De bons films cette année passée mettent effectivement en scène de jeunes personnages. Pas de stratégie de séduction du public par cette voie particulièrement, juste le souci d’aligner la diversité et la qualité de films français. En outre, l’attention de la programmation s’est portée en partie sur les premiers ou deuxièmes films, qui recèlent toujours un nombre certain de films audacieux et novateurs.

Tribune juive : Parmi les 17 films de la programmation, 4 ont été réalisés par des femmes et en général beaucoup de films mettent en avant des personnages principaux féminins, des mères courage de familles éclatées ou recomposées, des femmes face à leurs interrogations sur leur vie sentimentale, sur la maternité ou pour d’autres sur leur désir absolu d’être mère : Était-ce une volonté pour tvous de mettre en avant cette thématique ?

Encore ici, il n’y a pas de stratégie particulière ou thématique de programmation, tous les films retenus le sont pour leur proposition formelle ou dramatique, leur approche esthétique ou sensible d’un sujet  particulier. Il est vrai que la sélection met en avant un certain nombre de visages ou de signatures féminines, je crois que cela est un certain reflet de l’état du cinéma français, qui peut s’expliquer par une place de plus en plus significative « enfin » faite aux femmes créatives dans l’industrie française. La sélection tente en outre de s’adresser à un large public israélien, portée par des sujets modernes, percutants ou originaux qui, on l’espère, procureront de belles émotions et de l’intérêt pour les spectateurs israéliens d’aujourd’hui.

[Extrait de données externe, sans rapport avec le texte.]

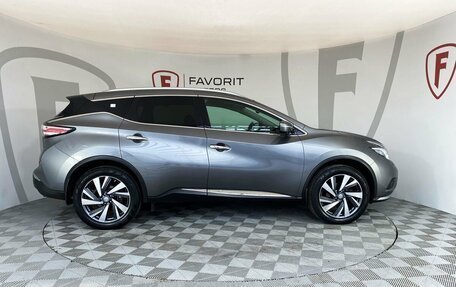 Nissan Murano, 2019 год, 3 750 000 рублей, 4 фотография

Tribune juive : La sélection a vraisemblablement été réalisée il y a quelques semaines mais le Festival a lieu à une période critique où la plupart des femmes en Israël ne se sentent pas représentées par un gouvernement presqu’entièrement masculin et qui est pour beaucoup source de craintes pour les droits de la femme : le cinéma français récent est-il à vos yeux un porte-parole de la cause féminine ?

Le cinéma français œuvre dans ce sens de manière volontariste depuis plusieurs années, pour la reconnaissance du travail des femmes  dans l’industrie par la parité H/F notamment  et une place toujours plus grande à lui faire. Le collectif 50/50 par exemple scrute cette évolution de manière très précise auprès des instances décisionnaires culturelles françaises. Par les faits, les voix féminines sont aujourd’hui fortes dans le cinéma français. Les grands prix obtenus au niveau mondial ces dernières années l’ont été par une génération de réalisatrices qui s’est imposée légitimement et avec talent : Julia Ducournau à Cannes, Audrey Diwan à Venise, Alice Diop à Berlin,  Lucie Borleteau à Locarno, et encore Rebecca Zlotowski, Mia Hansen-Love, Alice Winocour, Céline Sciamma, Sara Forestier, Lola Quivoron, Lisa Akoka, Charlotte Le Bon, Jeanne Herry,  Maty Diop ont toutes atteint une sélection internationale de premier rang. Le cinéma est un puissant vecteur politique s’il en est, qui peut à sa manière influencer les regards et les mentalités. De fait, leurs films sont racontés avec leurs regards, leurs expériences, leurs forces et donc reflètent et révèlent des points de vue singuliers et nécessaires, parfois féministes. 

Tribune juive : En conclusion ?

Les propositions artistiques des festivals et leur positionnement quasiment central  aujourd’hui dans la diffusion des œuvres cinématographiques dans le monde me semblent primordiales à défendre et poursuivre. Le festival du Cinéma Français de Tel Aviv est un outil privilégié d’ouverture et de réflexion face à un monde complexe.  Derrière chaque festival, c’est la culture de la salle de cinéma et du grand écran qu’il faut saisir, qui fait du septième art cet endroit de lieu, de partage et d’altérité unique.